We reported in the last edition on the judgment in the Northern Ireland case McLaughlin and Harvey, in which a framework agreement was set aside following breaches of the Regulations around award criteria. While the judge acknowledged that, once a public contract has been entered into, the Regulations only permit the award of damages as a remedy, in McLaughlin he held that this restriction applied only to “public contracts” proper and not to framework agreements.
This precedent has been followed recently in another Northern Ireland case, Henry Bros, where a framework agreement was set aside following breaches of the Regulations. The court took the McLaughlin judgment slightly further, by distinguishing between “framework contracts” which establish all the terms binding the parties at call-off stage, and “framework agreements” in the strict sense, which leave certain of the terms to be established via a mini-competition at the call-off stage. Following guidance from the European Commission and the McLaughlin decision, the judge in Henry Bros decided that “framework agreements” which leave some of their terms undecided are not “public contracts” and so may be set aside even after they have been entered into.
Contracting authorities should once again note that there is therefore no guarantee that a framework agreement will not be set aside, even if it has been entered into. If the Henry Bros reasoning is followed, however, then it seems there is less likelihood of a court setting aside a framework if it contains all the terms that bind the parties.

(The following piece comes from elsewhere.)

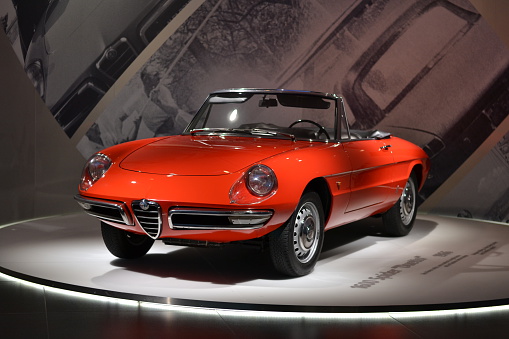 Milan, Italy - February 24th, 2016: The presentation of Alfa Romeo 1600 Spider Duetto in the car museum. This car drove in the movie \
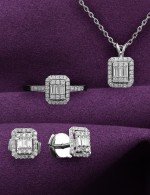 Серьги из белого золота 585 пробы c бриллиантами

The judgment obviously raises questions around the extent to which “all” the terms must be contained within the framework, because in practice most frameworks leave at least some terms to be established further down the line; future case law will doubtless consider this question.
Unlike in the McLaughlin case, call-off contracts had actually already been awarded under the Henry Bros framework agreement. The court will decide how to deal with this issue at a later stage, although it is common ground that specific public contracts that have already been called off may not be set aside, and that the only remedy available if they were awarded in breach of the Regulations is the award of damages. The logical assumption would seem to be that, if the underlying framework agreement was illegally entered into without proper competition, then presumably any specific public contracts called off under it are similarly tainted. We will report further on this issue when the court has reached a judgment.